Target RM3.64 (Stock Rating: ADD)

The award of the regas plant in Pengerang to Samsung should not be viewed as negative for Muhibbah given that it did not bid for it. Also, the risk of delays in oil & gas infra projects in Rapid has been overplayed, in our view. Lower oil prices are negative for upstream players but net positive for downstream contractors like Muhibbah as construction costs are lower. Our EPS forecasts are intact but we cut our target price (still based on a 20% RNAV discount) as we update for Favelle Favco's lower market cap. We view today’s 11% fall in Muhibbah’s share price as a buying opportunity. The stock now trades at an undemanding FY15-16 P/E of 9-10x. Muhibbah remains an Add and our preferred small/mid cap pick, with job wins as a catalyst.
 
What Happened
Muhibbah's share price fell 11% today on high volume. Our checks showed that there are concerns that Muhibbah's tenders for Rapid contracts are at risk of delays as the group did not win the new regasification project in Pengerang. After talking to management, we think that the market is overly concerned. It is business as usual and potential awards are likely in the short term.

What We Think
We were surprised by the selldown, which could have spilled over from investors’ general concern over the impact of the decline in oil prices on upstream pure oil & gas players.
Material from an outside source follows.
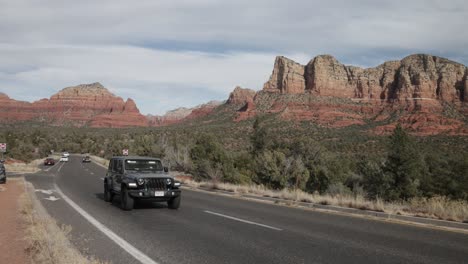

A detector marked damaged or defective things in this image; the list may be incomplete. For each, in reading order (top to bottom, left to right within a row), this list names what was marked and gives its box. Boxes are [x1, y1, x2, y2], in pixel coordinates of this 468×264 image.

broken white line [204, 210, 282, 231]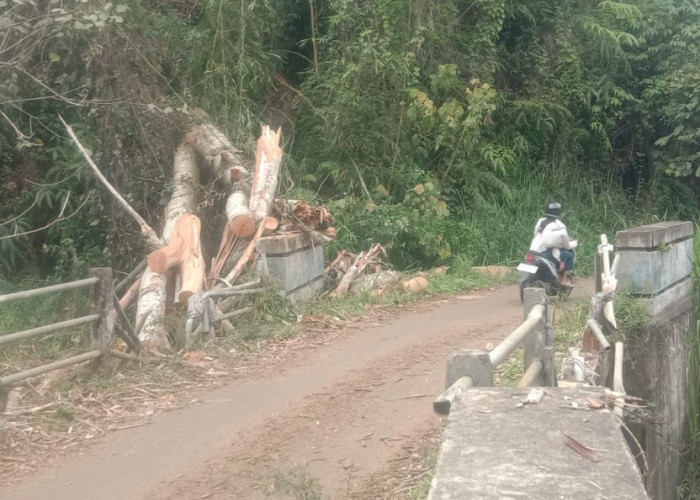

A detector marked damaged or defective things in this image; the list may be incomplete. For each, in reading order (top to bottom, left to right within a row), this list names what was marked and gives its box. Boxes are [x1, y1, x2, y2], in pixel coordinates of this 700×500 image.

damaged guardrail [434, 288, 556, 416]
The fact that Muhibbah did not benefit from the award of the regas plant in Pengerang should not be a major concern as 1) the group did not tender for the job, and 2) Pengerang and Rapid are two totally different tender areas. Management clarified that the group's tenders in Rapid for more than one refinery subcontract works remain intact. We expect it to land a contract in the short term, worth up to RM500m based on a recent article in The Edge Weekly. Muhibbah could be in the running for up to c.RM1bn worth of projects in Rapid. This excludes new infra tenders in Pengerang which have emerged in the last 2-3 months.

What You Should Do
We recommend that investors accumulate the stock, which has been oversold. Its foreign shareholding has fallen from a peak of 18% two months ago to about 12% currently. Investors should not disregard Muhibbah's improved infrastructure contract wins YTD of RM378m (see overleaf). Other new packages are likely to be larger. Infra wins are also supported by the RM435m total new crane orders from Favelle Favco.